On 2016/11/21 9:57 PM, Vikas Aditya wrote:
Hi everyone, I have a DB migration question. I have a table called "employees" and it has a UNIQUE constraint on "employee_email". With some new features being requested, I need to relax the constraint and have a new constraint on "employee_email" + "employee_number". Since SQLite ALTER table command can't modify an existing constraint, I have thought about creating a new table with the new constraint and then copying everything from old table to new table and afterwards dumping the old table. It does work but my question is what is the fastest and most memory efficient way to copy data from old table to new table?
Firstly, are you sure about this constraint relaxing? Basically by altering the constraint you are saying (in standard English) that you believe there CAN be an entry where two people with different Employee-numbers could have the same e-mail address, or, put another way, you believe that there could be two different people with different e-mail addresses which could have the same employee number... Which doesn't sound like any company I know of - usually any employee within a company must have both a unique e-mail address and unique employee number. (It might be different but valid for you, I'm just suggesting to double-check the premise for that decision).

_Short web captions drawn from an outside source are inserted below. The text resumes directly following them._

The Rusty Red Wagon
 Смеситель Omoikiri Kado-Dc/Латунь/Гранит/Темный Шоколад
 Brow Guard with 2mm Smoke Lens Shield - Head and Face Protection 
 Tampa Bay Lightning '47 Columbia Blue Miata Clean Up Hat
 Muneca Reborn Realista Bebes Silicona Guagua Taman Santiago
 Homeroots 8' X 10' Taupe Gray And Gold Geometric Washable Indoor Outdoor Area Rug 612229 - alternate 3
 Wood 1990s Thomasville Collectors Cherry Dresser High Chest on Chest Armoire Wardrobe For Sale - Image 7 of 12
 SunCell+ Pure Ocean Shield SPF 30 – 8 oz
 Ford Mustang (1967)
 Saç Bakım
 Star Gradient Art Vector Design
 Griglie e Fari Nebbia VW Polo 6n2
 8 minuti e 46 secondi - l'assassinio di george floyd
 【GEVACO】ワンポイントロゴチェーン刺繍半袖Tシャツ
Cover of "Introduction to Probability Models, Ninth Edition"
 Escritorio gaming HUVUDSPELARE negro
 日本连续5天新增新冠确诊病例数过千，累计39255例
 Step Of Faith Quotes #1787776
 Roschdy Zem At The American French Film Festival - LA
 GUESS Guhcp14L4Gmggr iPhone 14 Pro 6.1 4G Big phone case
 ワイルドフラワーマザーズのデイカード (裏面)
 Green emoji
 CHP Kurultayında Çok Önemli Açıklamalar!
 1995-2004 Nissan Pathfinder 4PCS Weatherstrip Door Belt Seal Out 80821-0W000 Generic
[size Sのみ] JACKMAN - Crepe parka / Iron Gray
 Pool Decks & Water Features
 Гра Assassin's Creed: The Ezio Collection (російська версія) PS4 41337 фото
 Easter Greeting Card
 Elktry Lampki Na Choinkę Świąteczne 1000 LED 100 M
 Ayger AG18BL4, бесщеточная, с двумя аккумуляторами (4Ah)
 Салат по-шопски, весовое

Currently we are using: sql = "INSERT INTO {} SELECT * FROM {}".format(totable, fromtable) cur.execute(sql) So, a single line statement can copy from old to new. But will this work fine even if I have 100s of thousands of records in old table? Or will this load pretty much entire data into memory and then copy to new? Looking for other optimal ways to copy data from one table to another if this is not optimal.
Your example would work great - SQLite is very good at doing this and it would use memory correctly. It is of course unlikely a relaxed constraint would fail when copying from a table with a more strict set, but it is possible, and it is possible something else might go wrong, so just to be sure, start a transaction before renaming the old table, making the new table and copying the data (you can do all of that in one set of instructions), then commit or rollback based on the result from the cur.execute().